Tankers: Aframax market may see weakness in 2017; clean LR2s may often trade dirty – BRS

2017-03-20

Tankers: Aframax market may see weakness in 2017; clean LR2s may often trade dirty – BRS

Weak growth in demand for Aframax tankers is likely to persist this year amid a relatively strong expansion of fleet for the next two years, Barry Rogliano Salles, one of the world’s oldest shipping brokerages, said.

“The Aframax rates are likely to remain under downward pressure this year but should recover towards end of [this year] and in 2018 due to more scrappings and [recovery] in demand,” said Claire Ye, a BRS tanker broker, on Tuesday at Enmore Biz’s 7th Oil Tanker Shipping Summit in Beijing, China.

Following four years of low growth of less than 1%, the Aframax fleet grew by 2.4% last year and is projected to grow at 3.7% this year, according to Ye.

The Long Range II fleet, the Aframax vessel’s clean counterpart with epoxy-coated tankers, is also expanding rapidly, adding optional tonnage to an already oversupplied market, she said.

Nevertheless, 65% of the newbuilding Aframaxes and LR2s delivered last year, are mostly trading in the West, she added.

Another interesting aspect of the Aframax segment is that the fleet is “getting older extremely rapidly,” Ye said. The share of Aframaxes that are 15 years old or more in the total fleet is projected at 25% this year, 34% next year and 39% in 2019.
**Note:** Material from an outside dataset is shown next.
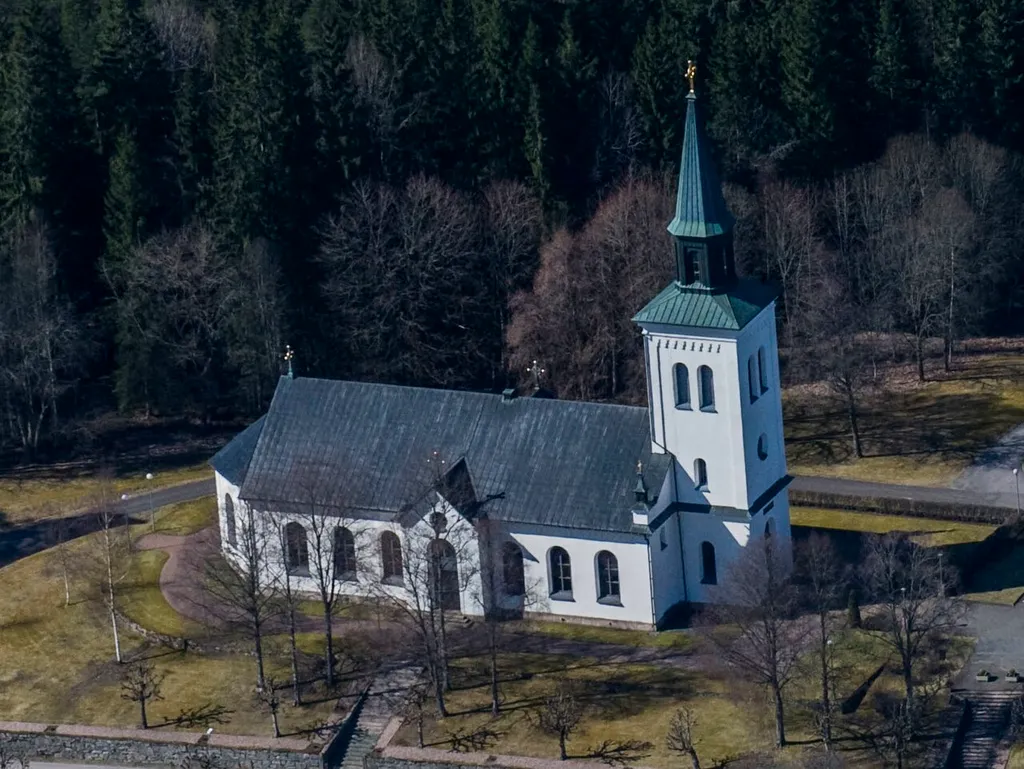 The Gnosjö church from the air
Scheduled deliveries of Aframaxes this year, at 34 units is around 5% of the existing fleet. A similar number of 31 is scheduled to be delivered next year, she added.

The order book of Aframaxes, or non-epoxy coated tankers, is not large enough to offset the rapidly aging fleet, she noted.
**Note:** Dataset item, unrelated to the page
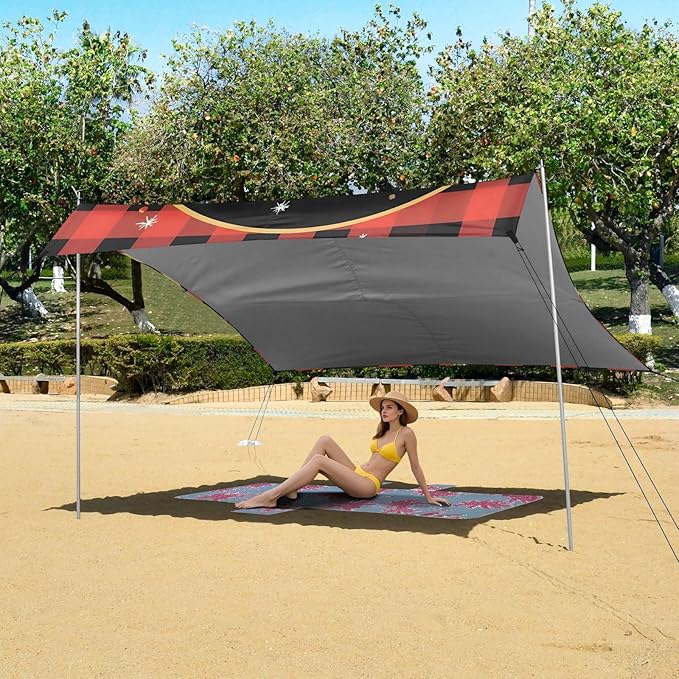 ALAZA Christmas Gnomes Beach Tent Sun Shelter Portable Canopy Sunshade for Outdoor Camping Picnics Backyard Fun 10x9 ft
The trend of LR2s turning dirty could become even more common in the near future, Ye said. The average age of LR2s is around 7.1 years compared with that of almost 11 years for non-epoxy coated Aframax tankers.

“The LR2 and Aframax rates are likely to see an increasing convergence because of the growing use of the clean-to-dirty optionality,” she said.

The epoxy-coated tankers can be used as both clean and dirty, though returning to the clean products market after carrying cargoes of crude and fuel oil entails costs for making the ships suitable for doing so, in line with stringent specifications.

Increasingly, epoxy-coated tankers are being built for use in both the clean and dirty segments.

The LR2s account for 32% of the LR2-Aframax fleet but they have a 44% share in the LR2-Aframax orderbook, Ye said.

The aging fleet along with the weaker freight rates and new regulations on ballast water management that will be implemented from September may give a fillip to the scrapping activity, she said.

On the trading pattern for Aframaxes last year, she said more than half of the fixtures in the East were on the Indonesia to Far East routes, while 20% were out of Kozmino.

Within the Indonesia to Far East sector, 36% of the fixtures were to China, followed by 20% to Singapore and Malaysia, 13% to Thailand, 11% to India and 7% to Korea. Around 70% of the fixtures out of Kozmino were for delivery into China.

The recent cut in crude production by OPEC and non-OPEC countries will only have a short-term impact on the shipping trade. While the volumes shipped by Saudi Arabia and Russia declines, it will be offset by higher flows from other countries, she said.